Planning Workshop 3.  Linking immune receptor databases with other datasets, and coordinating datasets across studies.  Session 1 will involve best practices for integrating NGS data with other metadata.  Session 2 will discuss different platforms for sharing and analyzing NGS data from different sources, and best practices for doing so.

Community Workshop 3.  Linking immune receptor databases with other datasets, and coordinating datasets across studies. 

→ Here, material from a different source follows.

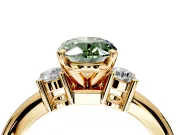 3 Stone Engagement Ring Setting for Fancy Green Oval Center with Wide Plain Band and Prong Head in Yellow Gold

This workshop will discuss associating immune receptor repertoires deduced with NGS with the other types of linked metadata from each individual under study, such as gene-expression data from microarrays or RNASeq, epigenetic signals, proteomics, serologic and metabolomic data, along with clinical, social and demographic data.  Also to be discussed are systems biology approaches that use NGS data, an example being the NGS analysis of FAC-sorted B and T cell populations, and linkage between B and T cell NGS datasets and comparative analyses.   A major focus of this workshop will be the set-up of “scientific gateways” that mediate the capture and query of data from multiple, distributed immune receptor databases, and their associated datasets.

     The projected outcome of this workshop will be standard data format for stored receptor sequences and associated data, and common formats for shared databases.  A process will be initiated for developing tools to link these datasets, and for statistically analyzing associations among data from the distributed data sets. 

Planning Workshop 4.  Ethical and legal issues involving sharing of human and animal NGS data.  Session 1 will focus on ethical considerations involving best practices for use of human NGS data from multiple sources, including ownership, confidentiality and data security. Session 2 will describe legal issues involved with sharing data from multiple sources, including the unique needs and constraints of industry

Community Workshop 4.  Ethical and legal issues involving sharing of human and animal NGS data.

This workshop will start with a review of ethical and legal issues involved in sharing databases, and how multiple database comparisons can increase the value of the data for biomedical research and patient care.  We will discuss identifying the stakeholders in the production and use of “big” databases, and inclusion of stakeholders (i.e., patients and community advocates, researchers, agencies, industry) in all phases of the research, including communication and intellectual property ownership.  Finally we will discuss means of creating partnerships among academic, industrial, and stakeholder communities involved in Big Data.  It will thus be important to include experts in the legal, ethical and knowledge translation fields in this workshop.

     The projected outcome of this workshop will be mechanisms for ethically and legally sharing NGS and associated data sets.

Planning Meeting. Final Day.  Issues to be addressed in each Workshop of the Community Meeting will be summarized and confirmed, with focus on developing specific recommendations out of each workshop. Pairs of Workshop Leaders will be assigned.

Community Meeting. Final Day. This will be a review by the workshop leaders of final recommendations, which were initiated in the workshops, and then discussed on a more casual basis among attendees over the weekend.  Thus, crucial to this final session of the conference will be the choice of workshop leaders, as being proactive in following up to discuss with attendees the recommendations coming out of their workshops.  Final recommendations will result out of this consensus-building process.

     Workshop leaders, conference organizers and journal editors, and representatives from granting agencies, and other stakeholders will remain in the afternoon to summarize the meeting, and plan further strategies for communicating the recommendations produced from the workshop.